━━━ Records to use
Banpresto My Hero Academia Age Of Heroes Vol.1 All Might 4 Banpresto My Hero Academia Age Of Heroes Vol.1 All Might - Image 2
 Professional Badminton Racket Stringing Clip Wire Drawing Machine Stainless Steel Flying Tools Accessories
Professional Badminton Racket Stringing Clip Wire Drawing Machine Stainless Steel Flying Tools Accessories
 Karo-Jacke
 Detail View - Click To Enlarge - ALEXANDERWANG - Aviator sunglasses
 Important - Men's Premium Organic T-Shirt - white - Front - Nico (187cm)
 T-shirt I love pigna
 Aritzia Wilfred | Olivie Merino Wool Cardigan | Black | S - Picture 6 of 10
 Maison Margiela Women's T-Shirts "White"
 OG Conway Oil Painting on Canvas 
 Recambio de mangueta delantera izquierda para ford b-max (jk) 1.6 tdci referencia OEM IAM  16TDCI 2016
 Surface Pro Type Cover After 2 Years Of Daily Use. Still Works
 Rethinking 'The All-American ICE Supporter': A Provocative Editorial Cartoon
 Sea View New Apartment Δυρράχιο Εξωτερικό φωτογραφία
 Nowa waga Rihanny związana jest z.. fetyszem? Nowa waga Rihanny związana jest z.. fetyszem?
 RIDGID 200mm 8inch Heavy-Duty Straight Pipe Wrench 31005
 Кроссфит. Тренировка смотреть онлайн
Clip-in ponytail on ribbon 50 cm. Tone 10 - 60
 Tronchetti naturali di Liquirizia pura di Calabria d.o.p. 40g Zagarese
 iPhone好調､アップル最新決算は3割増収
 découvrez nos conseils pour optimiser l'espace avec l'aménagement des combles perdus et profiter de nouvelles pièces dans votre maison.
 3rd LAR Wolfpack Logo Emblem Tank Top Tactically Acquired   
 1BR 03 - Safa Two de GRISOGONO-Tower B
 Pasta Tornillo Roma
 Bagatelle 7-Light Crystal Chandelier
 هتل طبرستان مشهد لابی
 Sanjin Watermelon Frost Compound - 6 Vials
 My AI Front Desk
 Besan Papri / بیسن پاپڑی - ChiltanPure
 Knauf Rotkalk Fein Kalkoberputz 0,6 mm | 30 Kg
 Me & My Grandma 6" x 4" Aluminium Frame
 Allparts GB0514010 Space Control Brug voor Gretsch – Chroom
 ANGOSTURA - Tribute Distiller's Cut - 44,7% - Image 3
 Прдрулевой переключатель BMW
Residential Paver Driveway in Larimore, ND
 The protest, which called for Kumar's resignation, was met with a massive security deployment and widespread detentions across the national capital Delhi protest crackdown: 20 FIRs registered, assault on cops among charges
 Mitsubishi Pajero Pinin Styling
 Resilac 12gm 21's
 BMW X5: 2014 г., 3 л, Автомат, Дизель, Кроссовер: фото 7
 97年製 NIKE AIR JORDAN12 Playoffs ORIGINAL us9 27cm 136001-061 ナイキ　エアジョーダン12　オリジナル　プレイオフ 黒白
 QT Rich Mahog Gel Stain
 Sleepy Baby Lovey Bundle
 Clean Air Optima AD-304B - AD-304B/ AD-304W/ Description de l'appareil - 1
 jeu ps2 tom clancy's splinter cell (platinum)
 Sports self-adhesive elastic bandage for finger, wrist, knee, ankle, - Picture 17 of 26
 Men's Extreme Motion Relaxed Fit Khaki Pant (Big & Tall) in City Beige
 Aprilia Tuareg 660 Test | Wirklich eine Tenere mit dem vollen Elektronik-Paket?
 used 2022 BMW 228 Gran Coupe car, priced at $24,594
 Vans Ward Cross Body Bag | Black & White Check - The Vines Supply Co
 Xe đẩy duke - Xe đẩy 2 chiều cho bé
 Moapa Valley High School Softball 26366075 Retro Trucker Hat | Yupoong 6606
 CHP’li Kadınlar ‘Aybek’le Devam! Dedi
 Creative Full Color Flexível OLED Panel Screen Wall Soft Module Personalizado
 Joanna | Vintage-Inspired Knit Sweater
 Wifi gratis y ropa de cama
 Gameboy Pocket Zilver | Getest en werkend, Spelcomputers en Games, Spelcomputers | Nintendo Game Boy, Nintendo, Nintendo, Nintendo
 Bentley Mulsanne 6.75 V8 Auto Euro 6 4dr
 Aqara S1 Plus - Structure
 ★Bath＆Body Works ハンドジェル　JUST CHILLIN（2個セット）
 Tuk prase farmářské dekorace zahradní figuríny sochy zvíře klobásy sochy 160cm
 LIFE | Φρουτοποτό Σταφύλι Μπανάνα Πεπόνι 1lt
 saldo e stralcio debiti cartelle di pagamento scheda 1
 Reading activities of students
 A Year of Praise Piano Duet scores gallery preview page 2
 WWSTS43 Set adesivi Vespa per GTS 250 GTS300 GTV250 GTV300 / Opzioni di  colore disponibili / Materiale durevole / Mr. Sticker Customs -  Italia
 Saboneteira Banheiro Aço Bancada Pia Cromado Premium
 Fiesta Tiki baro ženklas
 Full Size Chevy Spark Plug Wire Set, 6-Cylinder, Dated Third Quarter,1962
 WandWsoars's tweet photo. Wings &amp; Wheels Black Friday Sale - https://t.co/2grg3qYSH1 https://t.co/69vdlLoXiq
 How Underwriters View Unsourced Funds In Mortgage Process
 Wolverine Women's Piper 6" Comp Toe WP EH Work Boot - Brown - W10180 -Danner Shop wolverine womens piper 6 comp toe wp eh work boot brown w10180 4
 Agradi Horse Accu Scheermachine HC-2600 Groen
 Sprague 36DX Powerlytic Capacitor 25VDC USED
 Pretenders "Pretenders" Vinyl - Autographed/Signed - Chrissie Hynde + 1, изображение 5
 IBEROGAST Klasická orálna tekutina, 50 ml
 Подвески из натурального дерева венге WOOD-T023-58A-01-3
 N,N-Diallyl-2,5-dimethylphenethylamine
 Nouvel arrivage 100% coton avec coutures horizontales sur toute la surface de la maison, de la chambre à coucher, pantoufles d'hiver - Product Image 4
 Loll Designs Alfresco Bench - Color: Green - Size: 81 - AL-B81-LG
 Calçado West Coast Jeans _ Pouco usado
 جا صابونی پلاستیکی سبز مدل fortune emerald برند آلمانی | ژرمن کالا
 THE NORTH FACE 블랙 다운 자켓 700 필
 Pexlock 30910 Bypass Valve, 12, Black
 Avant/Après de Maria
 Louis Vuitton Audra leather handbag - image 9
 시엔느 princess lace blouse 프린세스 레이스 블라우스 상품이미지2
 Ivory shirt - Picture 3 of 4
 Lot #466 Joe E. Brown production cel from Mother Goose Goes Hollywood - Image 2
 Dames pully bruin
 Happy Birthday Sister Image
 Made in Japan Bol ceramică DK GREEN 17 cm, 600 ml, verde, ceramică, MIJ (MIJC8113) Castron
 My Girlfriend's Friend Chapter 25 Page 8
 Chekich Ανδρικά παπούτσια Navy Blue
━━━━━━
Goal of the exercise
Give back exactly the lines above starting at the line where "Me & My Grandma" appears and ending at the line where "QT Rich Mahog Gel Stain" appears, both included, with no other lines.

Final answer
 Me & My Grandma 6" x 4" Aluminium Frame
 Allparts GB0514010 Space Control Brug voor Gretsch – Chroom
 ANGOSTURA - Tribute Distiller's Cut - 44,7% - Image 3
 Прдрулевой переключатель BMW
Residential Paver Driveway in Larimore, ND
 The protest, which called for Kumar's resignation, was met with a massive security deployment and widespread detentions across the national capital Delhi protest crackdown: 20 FIRs registered, assault on cops among charges
 Mitsubishi Pajero Pinin Styling
 Resilac 12gm 21's
 BMW X5: 2014 г., 3 л, Автомат, Дизель, Кроссовер: фото 7
 97年製 NIKE AIR JORDAN12 Playoffs ORIGINAL us9 27cm 136001-061 ナイキ　エアジョーダン12　オリジナル　プレイオフ 黒白
 QT Rich Mahog Gel Stain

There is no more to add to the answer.